Print the model summary and check that is as you expected it to be!

In [None]:
lenet5.summary()

Now define the training parameters, and start the `fit` function! Then, check the test accuracy!

In [None]:
batch_size = 32
epochs     = 20

#TODO call the fit function
history_callback = 

score = lenet5.evaluate(X_test, Y_test, verbose=0)
print('Test loss:', score[0])
print('Test accuracy:', score[1])

# 6. Bonus! Visualizing the layer activations
In this last section, we visualize the activation levels of each layer. To do this, we start by dissecting the model. We first isolate the output of the layers which maintain the spatial information of the image (for Lenet5 this means the first four layers, can you say why?). Then, we create a model which takes those layers, sends in an input and get out an output... as if we were just ignoring the layer after the ones we referenced.

In [None]:
# Extract the outputs of the top 4 layers (those which keep the spatial information)
layer_outputs = [layer.output for layer in lenet5.layers[:4]]
# Create a model that will return these outputs, given the model input
activation_model = keras.models.Model(inputs=lenet5.input, outputs=layer_outputs)

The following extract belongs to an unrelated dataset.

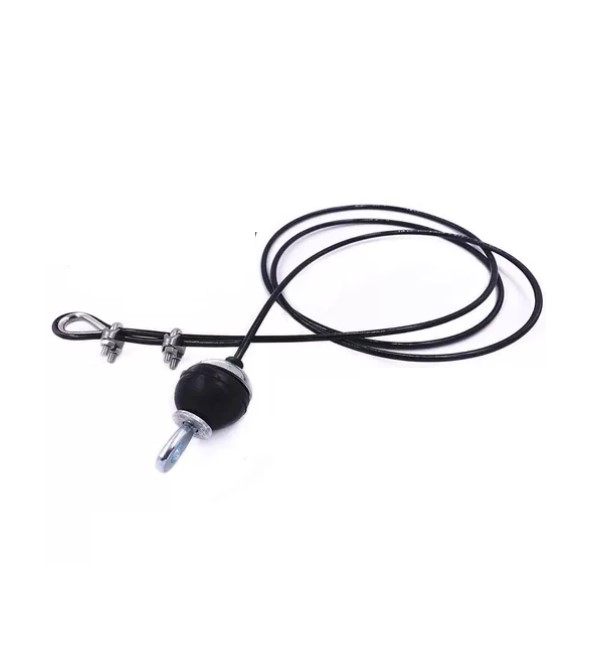 PIOLA JUGUETÓN ACERO INOXIDABLE MÁQUINA MULTIFUNCIONAL FITNESS CABLE POLEA 4M - 1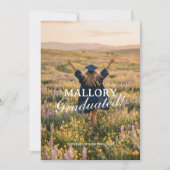 Trendy und moderne Foto-Script-Abschlussfeier Einladung (Vorderseite)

Now we select an image, and we take a slice of the test set, corresponding to that image only.

In [None]:
image_index = 9793

img_tensor = X_test[image_index:image_index+1]
activations = activation_model.predict(img_tensor)

And now, we plot the activation of each layer! What do you see? Can you understand what each layer specialized into? Check with different images to get a better understanding!

In [None]:
for i, activation in enumerate(activations):
    fig=plt.figure(figsize=(80,10));
    for j in range((activation).shape[1]):
        plt.subplot(1, (activation).shape[1], j+1);
        if K.image_data_format() == 'channels_first':
            plt.matshow(activation[0, j, :, :], cmap='gray', fignum=False);
        else:
            plt.matshow(activation[0, :, :, j], cmap='gray', fignum=False);
        plt.axis('off')
    fig.suptitle(lenet5.layers[i].name, fontsize=80)

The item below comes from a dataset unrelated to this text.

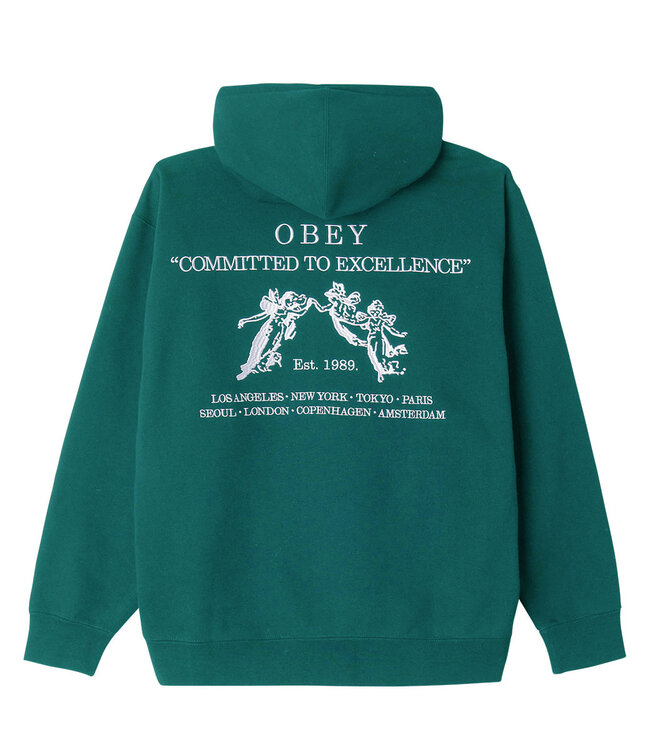 OBEY Excellence Hoodie - Aventurine Green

Now it is your turn! Take LeNet5 to the next level! Create a new, improved model, based on LeNet5. Consider you have way more computational power than the authors had in 1998! Can you beat their test accuracy? You can plot the data contained in `history_callback` to have a better idea of what happened at training time... here is an empty code block to get you started!

In [None]:
# TODO use this block as a scratchpad!

# 7. Optional assignment (to do once you're satisfied with your network)
In their paper, the authors show the samples which were mis-classified by the network. Can you do the same here? Are the mistakes understandable? Some functions you might want to use: `predict_classes` from Keras ([look here!](https://keras.io/models/model/)) and from NumPy you might find useful
- `!=` can be used for component-wise comparison of equal sized tensors
- `where` ([here!](https://docs.scipy.org/doc/numpy-1.13.0/reference/generated/numpy.where.html))
- `squeeze` ([here!](https://docs.scipy.org/doc/numpy/reference/generated/numpy.squeeze.html))

In [None]:
#TODO find mis-classified samples and plot them!